Ce droit à compensation financière est reconnu aux collectivités territoriales au quatrième alinéa de l'article 72-2 de la Constitution précité au point 1.1.3.2. S'agissant de l'article 121 de la loi du 13 août 2004 prévoyant la compensation financière des départements due au transfert de routes nationales, le Conseil d'État a refusé de transmette une question prioritaire de constitutionnalité visant l'atteinte portée au principe de la libre administration des collectivités territoriales et au principe de la compensation financière des transferts de compétence, en ce que la compensation ne prévoyait pas les charges résultant du développement du domaine routier transféré (CE, 29 oct. 2010, n°342072). En citant les décisions n° 2003-489 DC du 29 décembre 2003 et n° 2004-509 DC du 13 janvier 2005 du Conseil constitutionnel, le Conseil d'État a considéré qu'en prenant en compte, pour le calcul de la compensation financière, les dépenses de fonctionnement et les dépenses d'investissement liées à la gestion de ce domaine routier, soit les crédits que l'État consacrait à l'exercice de cette compétence à la date du transfert, le législateur a retenu l'intégralité des charges afférentes au domaine public transféré sans qu'il soit besoin d'englober les crédits nécessaires au développement et à la modernisation du réseau.

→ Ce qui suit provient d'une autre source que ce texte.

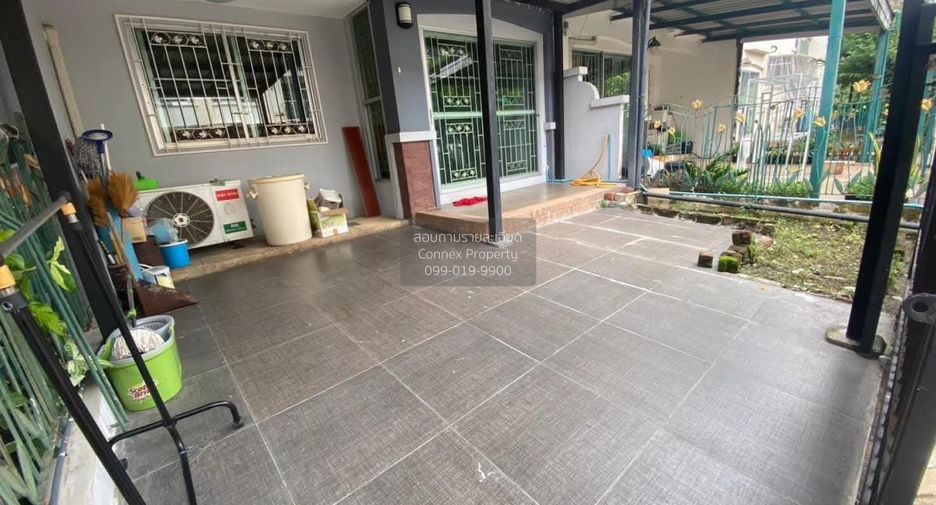 For sale 3 bedrooms townhouse in Mueang Samut Prakan, Samut Prakan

Cette jurisprudence vient confirmer que l'article 43 du présent projet de loi prévoyant une complète compensation financière liée à l'entretien et l'exploitation des routes nationales garantit aussi bien le principe de libre administration des collectivités territoriales que l'alinéa 4 de l'article 72-2 de la Constitution. Il y a lieu également de relever que l'article 43 est une disposition similaire aux articles 91 de la loi du 27 janvier 2014 MAPTAM et 123 de la loi du 7 août 2015 NOTRe que le Conseil constitutionnel n'a pas relevé d'office lorsqu'il a été saisi de certaines dispositions de ces lois.

On mentionnera enfin que le Conseil d'État a rejeté le recours contre le décret n° 2005-1499 du 5 décembre 2005 relatif à la consistance du réseau routier national, lequel a défini par la négative les anciennes routes nationales transférées aux départements en 2004. Sur l'absence d'accord des départements, il a considéré « qu'aucune disposition législative ni aucun principe général du droit n'impose que la consultation des départements revête un caractère contradictoire », dès lors les routes nationales transférées avaient bel et bien un caractère local (CE, 23 mai 2007, n° 288378). Le présent projet prévoyant l'accord des collectivités territoriales et des métropoles pour le transfert des routes nationales s'inscrit ainsi d'autant plus dans le respect de libre administration des collectivités territoriales.

Il ressort de ces éléments que la combinaison des articles 6 et 43 du projet de loi est conforme à la Constitution.

1.3. CADRE CONVENTIONNEL

Il n'existe pas de convention dont l'objet serait d'appréhender la mise en oeuvre du transfert des routes nationales dans le domaine public d'autres personnes publiques.

Le présent projet prend en considération la directive 2008/96/CE concernant la gestion de la sécurité des infrastructures routières en prévoyant, sans y être contraint, que les routes nationales transférées garderont leur statut actuel de route d'importance européenne au sens de la directive et de l'article L. 118-6 du CVR. Cet aspect est développé au point 4.1. « Articulation avec le droit international et le droit de l'Union européenne ».

2. NÉCESSITÉ DE LÉGIFÉRER ET OBJECTIFS POURSUIVIS

2.1. NÉCESSITÉ DE LÉGIFÉRER

Premièrement, le cadre réglementaire relatif au déclassement des routes nationales est inadapté au projet du transfert volontaire des routes nationales. En effet, le recours à un déclassement préalable des routes nationales, puis à leur reclassement dans le domaine public d'une collectivité présente de nombreux inconvénients.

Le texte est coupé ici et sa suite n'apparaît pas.